Recently I experimented a bit with an Apache log file analyzer written in PHP. It’s not all that difficult were it not for trying to parse the browser, or user agent, string. There are in fact two RFC documents, RFC 1945 and RFC 2068, that define how a user agent string should be written. Still many does not adhere to these standards and many write the interesting details in the comment field only. There is a good article at texSoft.it on how to identify the user agent and I have tried to steal bits and pieces of my time to implement the algorithm.
For my purposes I don’t care much for the operating system details. This is the result so far. I’m still not very satisfied but I thought maybe other people might be interested and maybe help out. Maybe there is something better out there? I’d be happy for any input.

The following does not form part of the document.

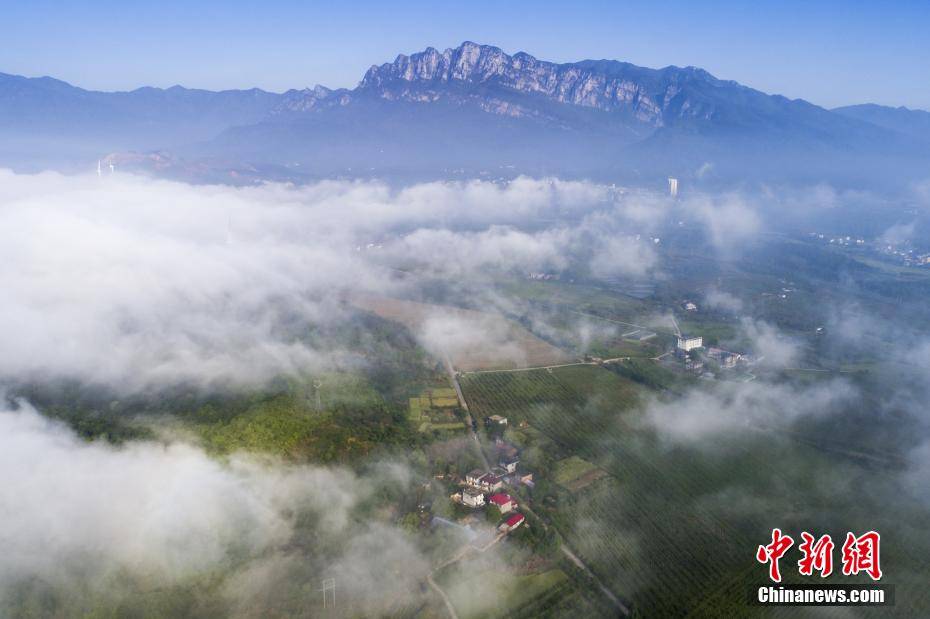 航拍江西庐山市乡村平流雾景观云雾缭绕宛若仙境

function parseUserAgent($ua)
{
$userAgent = array();
$agent = $ua;
$products = array();
$pattern = "([^/[:space:]]*)" . "(/([^[:space:]]*))?"
."([[:space:]]*\[[a-zA-Z][a-zA-Z]\])?" . "[[:space:]]*"
."(\\((([^()]|(\\([^()]*\\)))*)\\))?" . "[[:space:]]*";
while( strlen($agent) > 0 )
{
if ($l = ereg($pattern, $agent, $a))
{
// product, version, comment
array_push($products, array($a[1], // Product
$a[3], // Version
$a[6])); // Comment
$agent = substr($agent, $l);
}
else
{
$agent = "";
}
}
// Directly catch these
foreach($products as $product)
{
switch($product[0])
{
case 'Firefox':
case 'Netscape':
case 'Safari':
case 'Camino':
case 'Mosaic':
case 'Galeon':
case 'Opera':
$userAgent[0] = $product[0];
$userAgent[1] = $product[1];
break;
}
}
if (count($userAgent) == 0)
{
// Mozilla compatible (MSIE, konqueror, etc)
if ($products[0][0] == 'Mozilla' &&
!strncmp($products[0][2], 'compatible;', 11))
{
$userAgent = array();
if ($cl = ereg("compatible; ([^ ]*)[ /]([^;]*).*",
$products[0][2], $ca))
{
$userAgent[0] = $ca[1];
$userAgent[1] = $ca[2];
}
else
{
$userAgent[0] = $products[0][0];
$userAgent[1] = $products[0][1];
}
}
else
{
$userAgent = array();
$userAgent[0] = $products[0][0];
$userAgent[1] = $products[0][1];
}
}
return $userAgent;
}

Handy script — cheers. Just thought I’d let you know that it doesn’t recognise Chrome (it says it’s Safari)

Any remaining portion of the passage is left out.